((

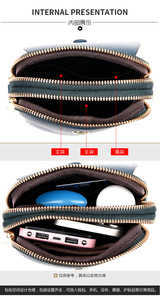 Nouveau sac à bandoulière uni en cuir PU de haute qualité avec fermeture éclair, porte-monnaie et pochette pour téléphone portable pour femme - Product Image 6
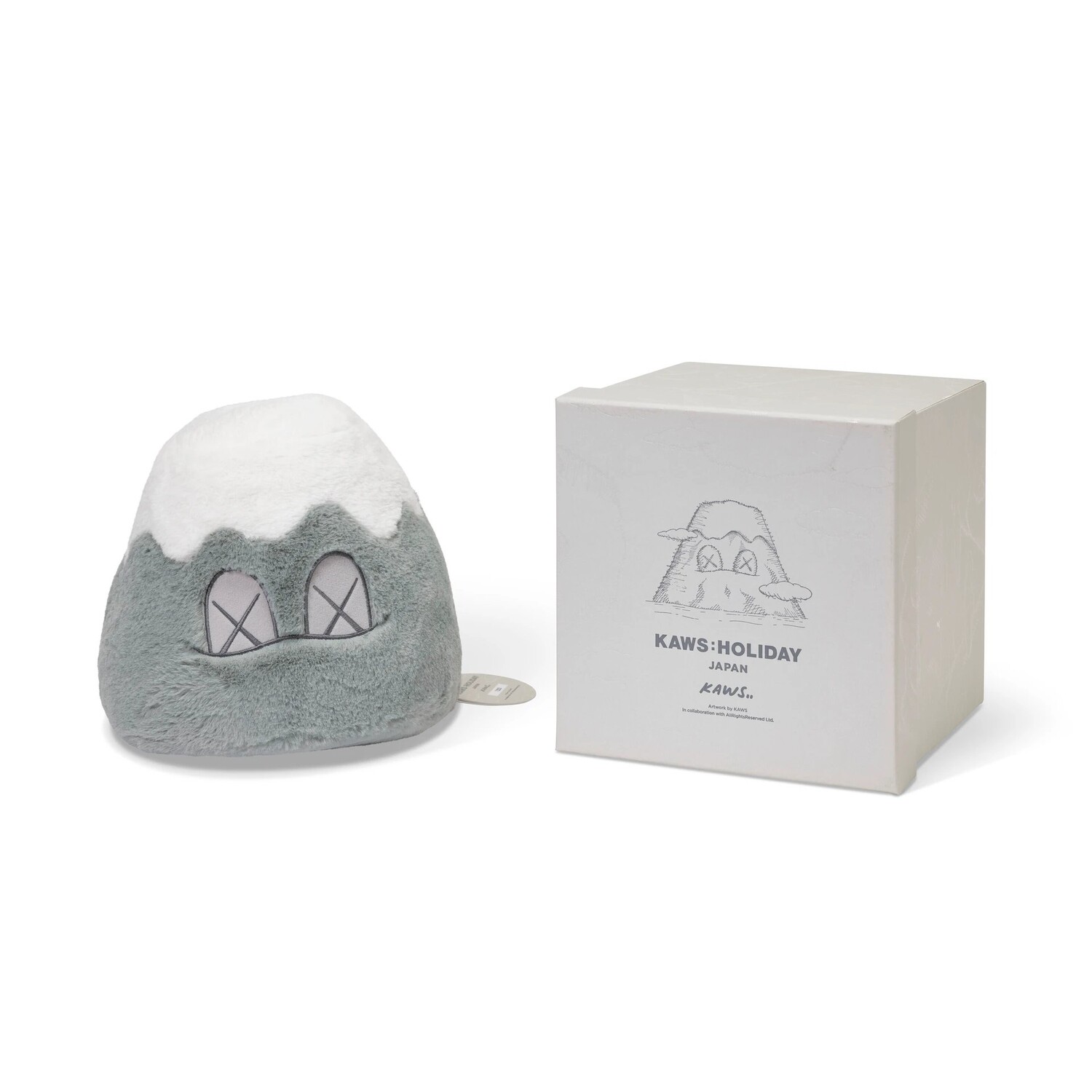 

Плюшевая фигурка Kaws Holiday Japan Mount Fuji, серый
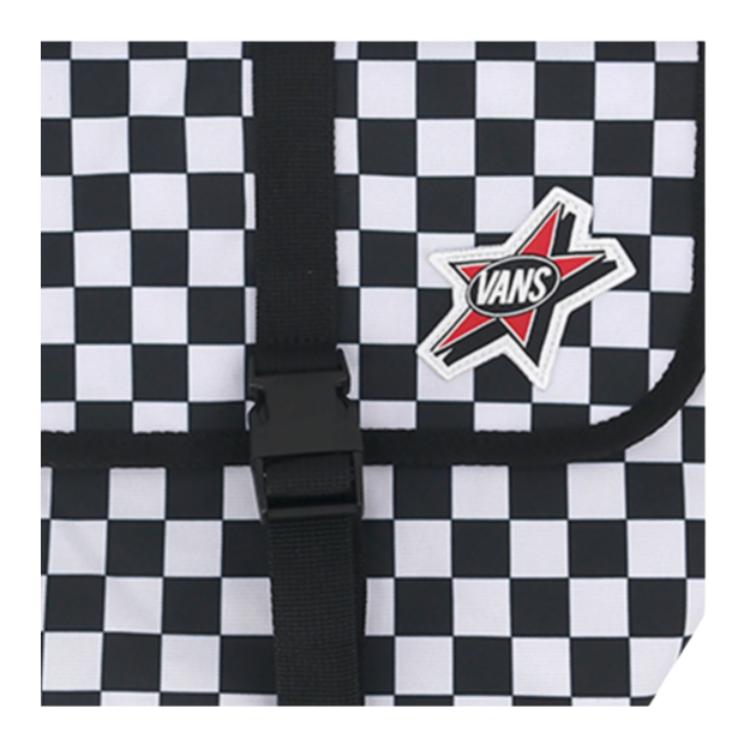 Vans Checkerboard Logo Nylon Crossbody Bag Unisex bags Black White VN0A54LY705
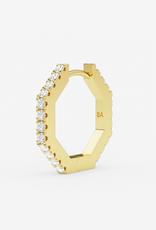 Billion Avenue Novi Diamond Earring - Gold - Billion Avenue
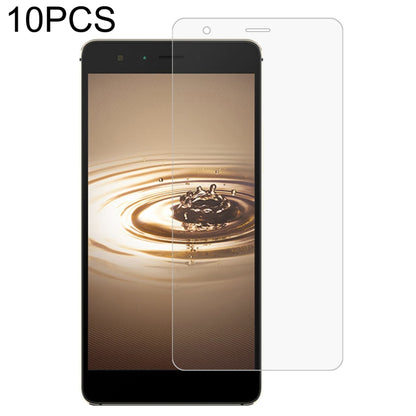 10-piece tempered glass screen protector film for smartphone, clear 2.5D screen coverage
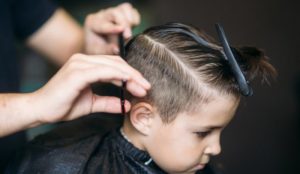 child's haircut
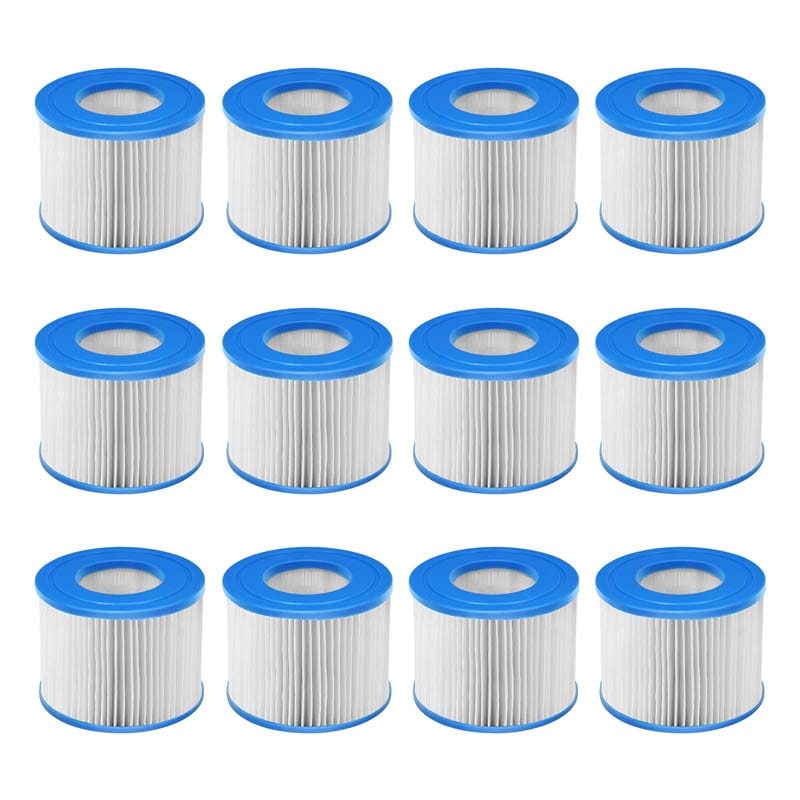 6/12 Pack Type VI Filter Cartridge, Hot Tub Spa Filter Replacement for SaluSpa, Massage Pool Spa Filter Pump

))

What is needed is an exact copy of every line from the one with "Vans Checkerboard Logo" to the end of the listing above, with the pictures left out.

• **Task response**
 Vans Checkerboard Logo Nylon Crossbody Bag Unisex bags Black White VN0A54LY705
 Billion Avenue Novi Diamond Earring - Gold - Billion Avenue
 10-piece tempered glass screen protector film for smartphone, clear 2.5D screen coverage
 child's haircut
 6/12 Pack Type VI Filter Cartridge, Hot Tub Spa Filter Replacement for SaluSpa, Massage Pool Spa Filter Pump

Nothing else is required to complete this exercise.